The Darfur Peace Agreement on the whole was a major historic achievement. It was the result of great efforts, during which the President of the Government of National Unity showed flexibility in order to reach agreement. The Government of National Unity emphasized that the Agreement would be implemented fully. At the same time the Government is keen to protect the Agreement from any danger posed by groups that oppose it, as well as from foreign hostile activities. The Government of the Sudan continues to expect that the Security Council will carry out its activities and exert pressure on the various parties that refused to sign the Agreement and are hindering its implementation.
Secondly, the Sudanese Government expects the Council to attach particular importance to the external challenge posed by Chad’s support for groups that reject the Agreement.
Thirdly, the Government expects the Council to support the African Union Mission and to conduct activities that conform to the Darfur Peace Agreement.
The Sudan is aware that its neighbour Chad, prior to its domestic crisis, had been making efforts to help resolve the conflict in Darfur. However, we must point out that the Sudan took the first step and undertook various initiatives to contain the crisis and resolve the conflicts within the Government of Chad. Sudan’s commitment to establish peace and stability in Chad did not take the form of a bilateral or regional commitment or initiative but was due to a strategic vision according to which internal stability in Chad is essential for the Sudan’s stability. The Government of Chad, a brotherly country, is fully aware of that fact.
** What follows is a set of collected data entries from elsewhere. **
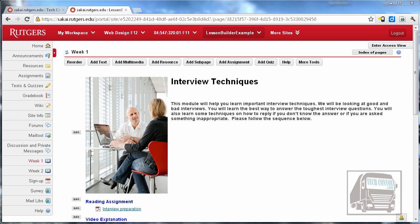What Lessons allows you to do is consolidate a bunch of different tools and instructions, videos, photos — anything you can do in Sakai — onto one page. This is especially helpful for hybrid and online courses. You could also use it in a regular site for a face-to-face course as a way to organize material for the student.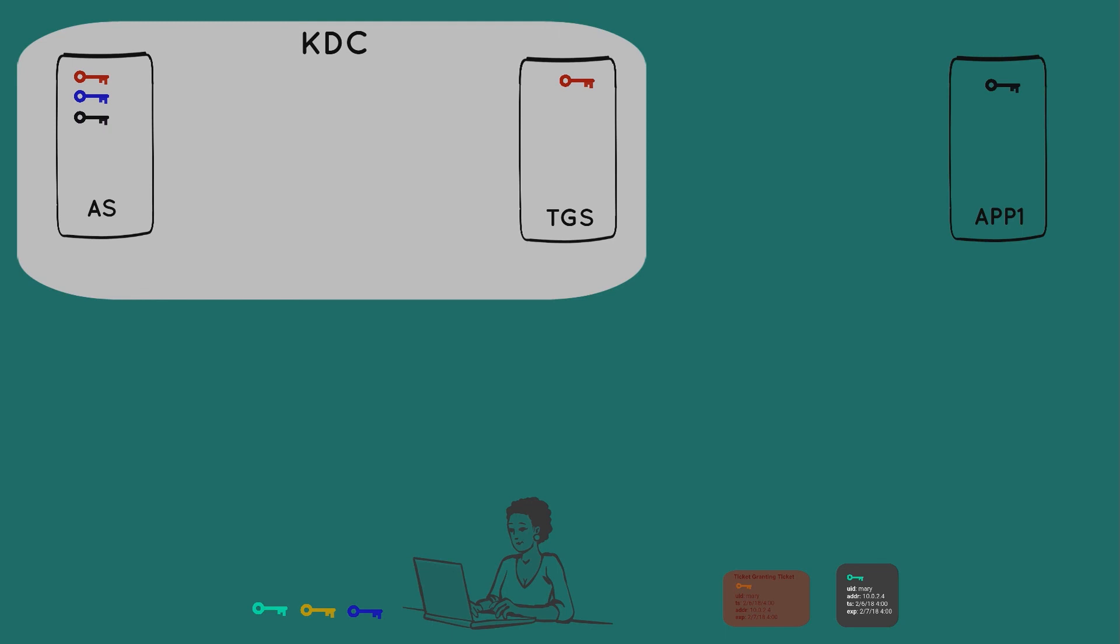So you'll see a series of keys depending on what the client-server communication demands. Certain communication would demand, let's say, an AES key as the means of cryptographic communication, others maybe RC4. So quite often you'll see multiple keys per principle.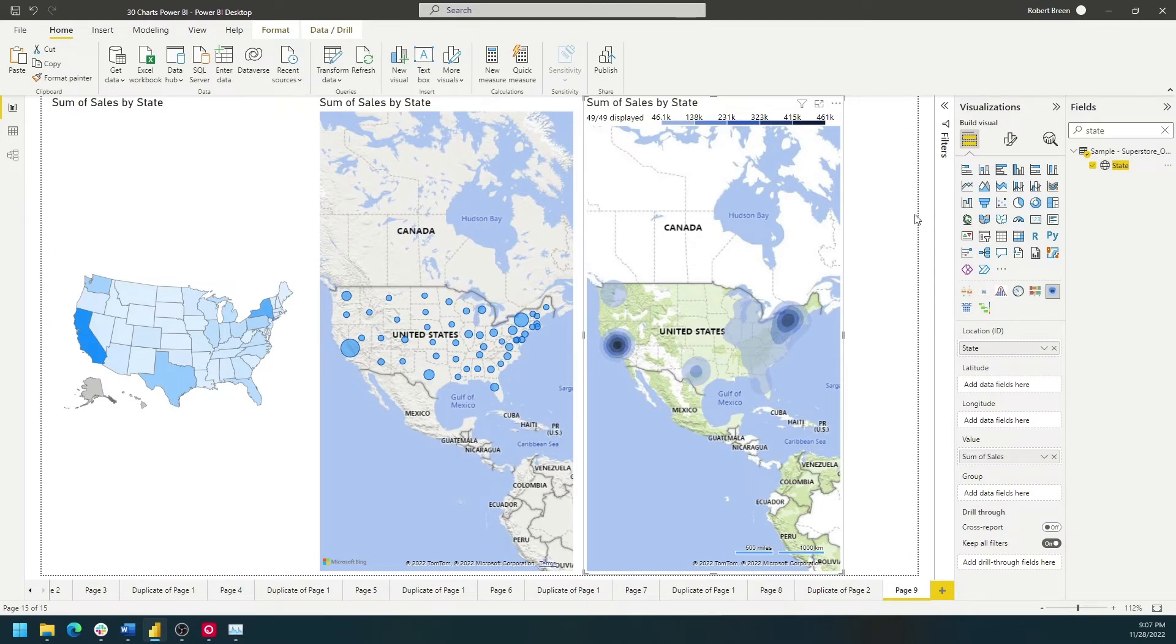That's how you build maps in Power BI. Thank you.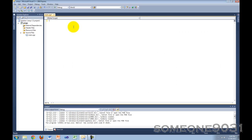Hi, and welcome to another C++ tutorial from Sum19031. In this tutorial, I'll be teaching you about arrays in C++.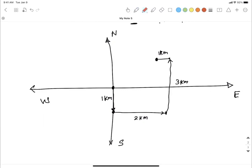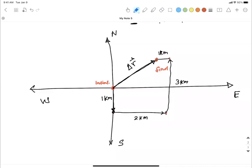As you can see, this is my initial position, these were intermediate locations, and this is my final location. You can draw the displacement vector directly from the initial to the final location — no matter what you did in between. Any intermediate steps don't matter; the displacement vector always goes from initial position to final position.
I would like to briefly give some examples of the Sudan’s initiatives and its contributions during 13 years to preserve internal stability in Chad. I should like to point out that the Sudan did not raise the question of Chad before the Security Council because the African Union is working to resolve tensions between our two fraternal countries. However, our brothers in the Chad Government have forced us into this situation. I should therefore like to give a few examples of the Sudan’s initiatives to maintain stability in Chad.
First, on the initiative and sponsorship of the Government of the Sudan, reconciliation between the Government of Chad and opposition groups made possible the signing, on 14 May 1993, of the N’Djamena agreement between the National Front of Chad, led by Dr. Elharith, and the Government of Chad.
Secondly, the Sudan took the initiative to use its good offices to contain the dispute between the President of Chad, Idriss Déby, and his Minister of Defence, Abbas Koty. Those efforts led to the signing of the Tripoli agreement on 14 August 1993. The Minister of Defence was able to return to Chad under that agreement.
Thirdly, Sudan carried out reconciliation efforts between President Déby and the group of the national reform council. That resulted in the signing of the reconciliation agreement in 1995.
Fourthly, Khartoum supported the reconciliation meeting on 22 October 1997 between the Government of Chad and four opposition parties in Chad. That led to the signing of the Khartoum agreement between the parties and the return of opposition parties to N’Djamena, accompanied by a senior Sudanese official.
Fifthly, in July 1999 the Sudan sponsored reconciliation between Chad and the National Movement for Democracy and Development, led by the rebel Moussa Madela.
Those are just a few examples of efforts at reconciliation carried out successfully under the sponsorship of the Sudan.
Many agreements — at least, the initial contacts between the Government of Chad and its opposition — have been facilitated by the Government of the Sudan, and I shall not list them here. Chad has made false accusations against the Sudan concerning the Tripoli Agreement signed between the two countries. The Government of Chad has stepped up contacts with groups that have not signed the Agreement and are seeking to undermine it and to disrupt the peace emerging in Darfur. I should like to cite a few examples of the hostile acts carried out by Chad following the signing of the Agreement.
The Government of Chad is in contact with the rebel group led by Adam Bakhit, which opposes the Darfur Peace Agreement. It supplied that group with small arms and light weapons of various types in May 2006, encouraging the rebels to cross into Sudanese territory, where they carried out a military operation against the Bir Mazza and Graida regions of Darfur.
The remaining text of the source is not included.